Durrett and McCamant designed and developed Muir Commons, the first cohousing community in North America, and has designed or consulted on the design of over 55 cohousing communities in North America. He has also consulted on many other cohousing projects around the world.

He is a major proponent of senior cohousing, also known as elder cohousing, which are residential communities specifically designed for seniors. There are at least three senior cohousing communities in the U.S., one each in California, Colorado, and Virginia. More are in planning, according to Durrett. According to an American Association of Retired Persons representative, senior cohousing is "very interesting niche housing" that is needed as an option.

Durrett is author of The Senior Cohousing Handbook: A Community Approach to Independent Living (2009, 2nd edition), and with Kathryn McCamant, is co-author of Creating Cohousing: Building Sustainable Communities (2011) formerly titled Cohousing: A Contemporary Approach to Housing Ourselves (1988).

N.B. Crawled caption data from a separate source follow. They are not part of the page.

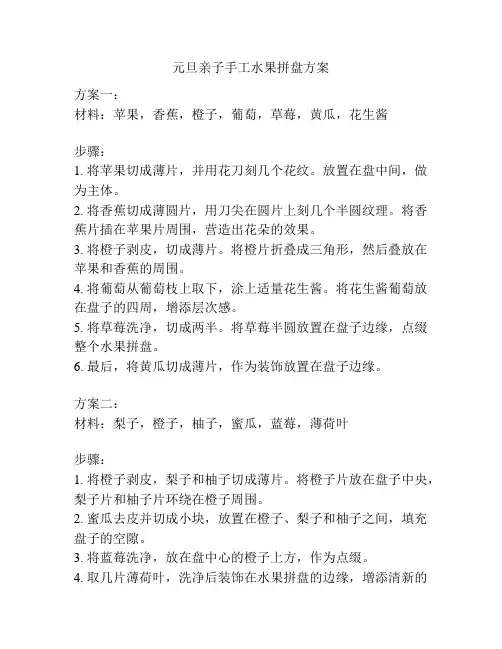 元旦亲子手工水果拼盘方案
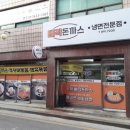 파리바게트숭의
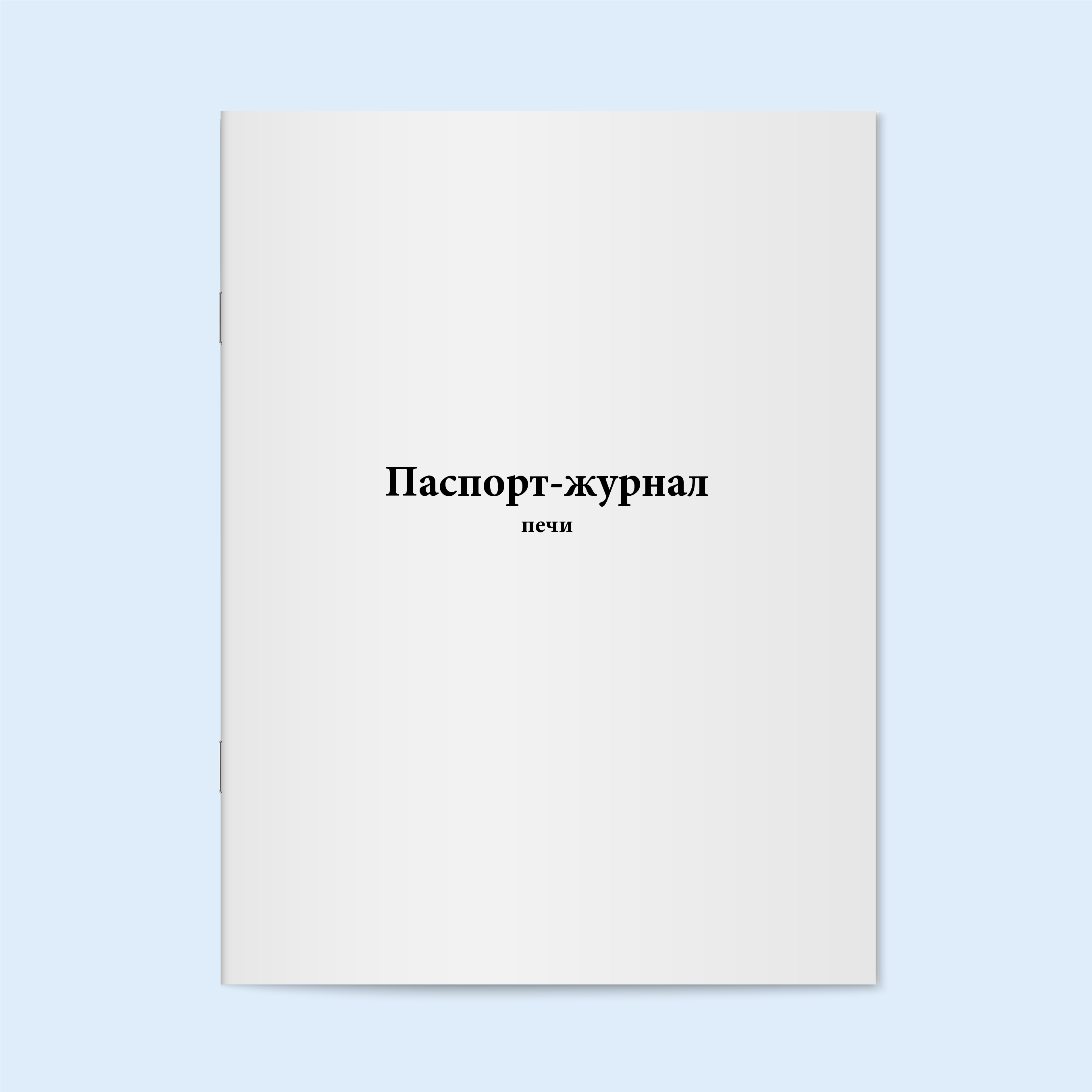 фото Паспорт-журнал печи. 60 стран сити бланк 6341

He is recipient or co-recipient of numerous awards from the American Institute of Architects and others for various completed projects. This includes a United Nations' World Habitat Award in 2001 for the East Lake Commons Conservation Community project in Atlanta, Georgia. A more recent award was the Vision 2020 Award of the Sierra Business Council.

Durrett has an architecture degree in 1982 from the College of Architecture and Environmental Design, of Cal Poly San Luis Obispo. Since 2009, he has been advocating for senior cohousing, beginning in August of that year, with a book signing tour in ten western U.S. cities.